[FRIAM] A/R theory

[uǝlƃ ↙↙↙]

Re: transitivity -- What if "d(mp′,m′p)" were defined in an interesting (or pathological) way such that we don't use ≤ but something else ... maybe a partial order or something even weirder. Then instead of thinking of ε as some sort of "error", we think of it as a complicated similarity map ... a model in and of itself? Then maybe there would be some form of transitivity.

Re: the whole thing -- I'm a little worried about the practicalities in all the symmetric opposites {R_re,Ȓ_c}, {Ȓ_re,R_c}, {Ȓ_c,R_c}, {R_re,Ȓ_re}, {C_c,H_c}, {C_re,H_cr}, {C_re,C_c}, {H_re,H_c}, etc. The reason I'm worried about them is because they represent the many types of validation and verification beyond the "data validation" represented by ε-equivalence. Such "behavioral analogies" (comparing arrows) can be and are scored similarly to the "structural analogies" considered when comparing the boxes.

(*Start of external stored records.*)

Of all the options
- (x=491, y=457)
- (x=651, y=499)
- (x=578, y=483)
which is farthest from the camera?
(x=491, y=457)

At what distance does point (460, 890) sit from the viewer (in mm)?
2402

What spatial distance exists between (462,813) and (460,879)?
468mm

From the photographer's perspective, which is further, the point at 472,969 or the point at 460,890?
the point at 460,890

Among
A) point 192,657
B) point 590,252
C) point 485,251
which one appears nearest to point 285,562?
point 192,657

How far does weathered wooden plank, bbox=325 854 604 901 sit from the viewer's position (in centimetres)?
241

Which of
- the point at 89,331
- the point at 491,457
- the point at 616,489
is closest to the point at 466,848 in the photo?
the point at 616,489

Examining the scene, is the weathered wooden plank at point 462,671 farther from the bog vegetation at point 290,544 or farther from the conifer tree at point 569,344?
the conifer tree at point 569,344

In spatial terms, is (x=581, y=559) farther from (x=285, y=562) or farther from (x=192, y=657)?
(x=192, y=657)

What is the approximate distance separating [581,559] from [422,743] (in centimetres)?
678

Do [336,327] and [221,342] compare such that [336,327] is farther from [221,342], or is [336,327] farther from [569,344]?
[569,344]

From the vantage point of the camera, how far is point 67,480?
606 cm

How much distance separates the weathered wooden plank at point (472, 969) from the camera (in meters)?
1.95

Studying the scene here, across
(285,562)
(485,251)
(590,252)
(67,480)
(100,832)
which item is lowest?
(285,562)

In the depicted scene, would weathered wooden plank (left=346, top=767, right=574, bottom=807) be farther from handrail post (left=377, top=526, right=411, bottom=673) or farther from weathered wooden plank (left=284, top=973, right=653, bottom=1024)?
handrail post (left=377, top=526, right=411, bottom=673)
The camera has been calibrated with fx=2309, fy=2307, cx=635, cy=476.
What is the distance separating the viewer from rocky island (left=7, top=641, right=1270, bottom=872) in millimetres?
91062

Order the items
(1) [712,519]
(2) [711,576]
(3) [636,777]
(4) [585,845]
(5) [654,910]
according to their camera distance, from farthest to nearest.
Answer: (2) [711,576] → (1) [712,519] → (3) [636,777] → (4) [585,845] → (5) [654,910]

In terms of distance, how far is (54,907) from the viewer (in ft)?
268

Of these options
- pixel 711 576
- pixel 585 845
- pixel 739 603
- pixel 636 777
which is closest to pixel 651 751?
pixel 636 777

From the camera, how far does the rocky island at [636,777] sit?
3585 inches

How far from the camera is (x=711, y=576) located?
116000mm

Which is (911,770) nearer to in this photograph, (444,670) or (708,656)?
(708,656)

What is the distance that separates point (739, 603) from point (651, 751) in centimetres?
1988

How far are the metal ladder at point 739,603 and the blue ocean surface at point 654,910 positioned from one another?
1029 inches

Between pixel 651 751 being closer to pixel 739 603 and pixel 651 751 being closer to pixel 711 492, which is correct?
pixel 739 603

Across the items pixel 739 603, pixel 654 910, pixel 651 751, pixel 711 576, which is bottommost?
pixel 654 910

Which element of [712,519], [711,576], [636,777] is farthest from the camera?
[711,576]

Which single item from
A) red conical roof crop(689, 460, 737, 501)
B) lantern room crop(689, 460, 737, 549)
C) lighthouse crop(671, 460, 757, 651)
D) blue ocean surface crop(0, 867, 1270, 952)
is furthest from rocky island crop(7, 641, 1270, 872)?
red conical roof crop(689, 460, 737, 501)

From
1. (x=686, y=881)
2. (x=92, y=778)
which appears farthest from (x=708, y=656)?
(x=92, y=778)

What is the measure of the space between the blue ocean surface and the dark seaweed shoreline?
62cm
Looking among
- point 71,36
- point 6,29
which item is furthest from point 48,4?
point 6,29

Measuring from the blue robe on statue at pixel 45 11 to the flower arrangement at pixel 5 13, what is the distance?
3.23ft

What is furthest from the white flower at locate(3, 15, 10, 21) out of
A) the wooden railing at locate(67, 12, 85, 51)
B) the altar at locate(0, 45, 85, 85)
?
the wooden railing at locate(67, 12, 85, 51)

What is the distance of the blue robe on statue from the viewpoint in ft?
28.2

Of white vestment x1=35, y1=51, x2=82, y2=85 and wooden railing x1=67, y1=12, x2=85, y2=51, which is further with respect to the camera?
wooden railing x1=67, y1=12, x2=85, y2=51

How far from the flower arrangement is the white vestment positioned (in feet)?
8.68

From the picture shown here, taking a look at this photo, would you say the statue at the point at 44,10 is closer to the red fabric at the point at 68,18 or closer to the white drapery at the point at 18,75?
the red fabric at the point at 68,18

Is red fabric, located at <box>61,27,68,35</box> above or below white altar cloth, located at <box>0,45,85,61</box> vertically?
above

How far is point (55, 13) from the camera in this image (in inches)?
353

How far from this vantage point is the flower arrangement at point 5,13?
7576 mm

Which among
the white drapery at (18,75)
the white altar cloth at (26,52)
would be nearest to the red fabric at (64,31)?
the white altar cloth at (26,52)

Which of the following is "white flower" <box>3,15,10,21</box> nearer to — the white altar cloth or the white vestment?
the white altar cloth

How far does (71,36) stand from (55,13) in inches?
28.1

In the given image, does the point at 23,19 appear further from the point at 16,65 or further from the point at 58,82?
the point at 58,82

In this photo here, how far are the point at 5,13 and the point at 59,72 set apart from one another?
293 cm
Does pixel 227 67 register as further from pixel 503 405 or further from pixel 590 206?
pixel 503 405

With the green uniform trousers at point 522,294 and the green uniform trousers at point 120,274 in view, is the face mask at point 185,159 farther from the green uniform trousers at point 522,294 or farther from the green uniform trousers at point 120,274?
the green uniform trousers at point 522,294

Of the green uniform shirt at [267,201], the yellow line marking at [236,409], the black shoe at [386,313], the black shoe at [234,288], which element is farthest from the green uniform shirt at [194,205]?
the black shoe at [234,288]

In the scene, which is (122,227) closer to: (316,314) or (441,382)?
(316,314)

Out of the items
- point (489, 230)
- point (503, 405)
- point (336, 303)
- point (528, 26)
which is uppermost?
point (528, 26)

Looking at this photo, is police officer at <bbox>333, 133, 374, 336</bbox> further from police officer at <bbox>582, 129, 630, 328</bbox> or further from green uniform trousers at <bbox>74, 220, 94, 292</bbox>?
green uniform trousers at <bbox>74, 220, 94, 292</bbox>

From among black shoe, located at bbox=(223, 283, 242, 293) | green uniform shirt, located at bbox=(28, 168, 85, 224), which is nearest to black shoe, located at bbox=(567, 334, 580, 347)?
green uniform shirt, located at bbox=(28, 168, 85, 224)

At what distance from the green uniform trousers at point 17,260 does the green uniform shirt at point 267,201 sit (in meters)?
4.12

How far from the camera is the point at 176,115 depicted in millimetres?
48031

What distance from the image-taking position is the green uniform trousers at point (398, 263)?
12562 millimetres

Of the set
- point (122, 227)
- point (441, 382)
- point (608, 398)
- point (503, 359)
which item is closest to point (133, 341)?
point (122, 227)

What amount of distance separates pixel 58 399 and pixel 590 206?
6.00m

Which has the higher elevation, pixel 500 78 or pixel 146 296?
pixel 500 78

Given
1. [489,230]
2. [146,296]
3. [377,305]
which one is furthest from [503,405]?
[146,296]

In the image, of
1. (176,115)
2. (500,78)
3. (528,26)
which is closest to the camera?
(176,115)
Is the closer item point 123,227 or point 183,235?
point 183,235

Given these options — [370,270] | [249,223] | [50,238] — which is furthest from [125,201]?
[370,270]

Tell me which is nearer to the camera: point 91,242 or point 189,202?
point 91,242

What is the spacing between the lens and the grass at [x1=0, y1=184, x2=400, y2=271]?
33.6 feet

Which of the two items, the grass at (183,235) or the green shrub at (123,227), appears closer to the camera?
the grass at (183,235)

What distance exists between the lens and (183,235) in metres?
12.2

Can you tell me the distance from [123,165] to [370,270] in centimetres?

I may have missed it in the paper. Where do they talk about the degree to which the physical form of the abstract objects is arbitrary? I see where they say there's no need for universality, just sufficiently powerful, accurate, instantiable, etc. Don't we need such concepts in order to reason out *whether* there exist a commuting structure for any given abstraction or physical thing? I.e. just because we can find a commutation with a structural analogy doesn't imply a behavioral analogy ... and vice versa. And *if* that's the case, then what does this say about object-behavior (box-arrow) duality? ... if anything?

On 11/7/20 9:34 AM, jon zingale wrote:
> 𝜀-equivalence itself is interesting because it comes with a *competence
> constraint* that prevents it from being a transitive relation, that in
> general a =𝜀 b ^ b =𝜀 c ⊬ a =𝜀 c is crucial to the theory.

-- 
↙↙↙ uǝlƃ